Kutlular Ağabey, Yeni Asya’nın yarım asrı aşan, daima hakkın hatırını üstün tutup hiçbir hatıra fedâ etmeyen, haksızlığa ve hukuksuzluğa karşı azmi ve cehdiyle mâruftu.
İstikrarlı, istikametli neşriyatta sebâtı, Üstadın “sadâkatte birinci” dediği, kendisinin “fenâ fi’r Risâle, fenâ fi’l-Üstad, fenâ fi’d-dâvâ ve şahs-ı mâne- vî” diye târif ettiği Yeni Asya’nın mânevî kurucusu merhum Zübeyir Ağabey’den tevârüs etmişti.
“Zübeyir Ağabey Risale-i Nur hizmetlerinin direğiydi, harcıydı. Çünkü o paratonerdi, şimşekleri üzerine çekiyordu” mânâ ve misyonuyla dâvâsını yüklendi, kendini dâvâsına fedâ etti.
Yeni Asya’nın temel düsturları referans alan tavizsiz neşriyatına büyük emeği geçti.
Demokrasiyi katleden darbelere, antidemokratik dayatmalara karşı kararlı bir mücadele verdi, milletin hakkını ve hukukunu müdafaa etti.
MÂLÛM MİHRAKLARI İZZETLİ BİR FERÂSETLE REDDETTİ
Neşriyat yoluyla demokrasiyi, hürriyeti Kur’ân nâmına alkışlayan, “müsbet hareket” ve “mânevî cihadı” esas alan Bediüzzaman’ın hizmet modelinin tebliği şiârını temsil etti.
Bediüzzaman’ın dâvâsının bayraktarlığını yapan Yeni Asya’nın millete yol gösteren, fikirleri terbiye edip olgunlaştıran neşriyatta öncü olmasında büyük harcı oldu.
Zulme ve zâlime karşı şecaat, mazluma şefkat ve merhamet mizâcıydı. Hep dâvâsı için yaşadı.
12 Eylül darbesi sonrasında mâlûm mihrakların “Bizi Konsey gönderdi, bizimle çalışırsanız, bütün devlet imkânlarını emrinize tahsis ederiz ve size her hususta yardımcı oluruz” teminatlı teklifleriyle ileri sürdükleri “çalışma şartları”nı peşinen reddetti.
28 Ekim 1990’da Ankara Kocatepe Camiinde on binlerin katıldığı -ilk- “Bediüzzaman Mevlidi’ni niçin başşehirde okuttunuz?” sorusuna, Risale-i Nur Kur’ân’ın tefsiridir, esas okunacağı yer câmidir; kanunlarda ‘29 Ekim’de mevlid yapılamaz’ diye bir hüküm mü var!” cevabını vermişti.
“CİHAN VÜSATİNDEKİ HİZMETLERİ SADÂKATLE YAPAN KARDAŞLAR!”
Sorguda, mahkemede, “Bu kadar zulüm yapılmaz.

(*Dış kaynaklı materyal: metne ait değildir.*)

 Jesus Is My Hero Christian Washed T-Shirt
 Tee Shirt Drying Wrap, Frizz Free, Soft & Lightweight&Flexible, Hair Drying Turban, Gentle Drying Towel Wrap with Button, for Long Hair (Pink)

Risale-i Nurlar’ı neşreden bir müesseseyiz. Yeni Asya olarak Bediüzzaman Said Nursî’nin eserlerinin yanı sıra beş yüzün üzerinde kitap neşrettik. Bu ülkenin yargısı bin beşyüz beraat kararı vermiş. Risale-i Nurlar’ı okuyanlara mensubiyet ifadesi olarak ‘Nurcu” denmiş. Said Nursî bir İslâm âlimidir ve elbette bir ekol, bir fikir hareketi meydana getirmiştir; talebesi olmaktan şeref duyarım. Keyfilik, tarafgirlik hukuk devletinde olmaz. Bizi itham etmek savcının keyfine mi kalmış!” diye basiretli tavır ve direnç göstermişti.
Yine 1999 Marmara Depremi sonrası ‘Deprem İlâhî ikazdır’ beyânı, haftalarca medyada, siyasette tartışılarak milletin vicdanında mâkes buldu. 28 Şubat sürecinde kararlı duruşuyla haksızlığa uğrayan geniş kitlelere cesâret verdi. AİHM’nin kendisini “haklı” bulmasıyla Türkiye’de hukukun üstünlüğü, düşünceyi ifade hürriyeti ivme kazandı.
Merhum Sungur Ağabeyin 1975’te yazdığı mektubunda takdir ettiği “Yeni Asyacı’ dediklerimiz, Bediüzzaman’ın dâvâsına sâdık, kıt’alara uzanan muhteşem şahsiyet-i mâneviyesine sâdık, cihân vüsatindeki hizmetleri sadâkatle yapan kardaşlar!” arasında yer aldı.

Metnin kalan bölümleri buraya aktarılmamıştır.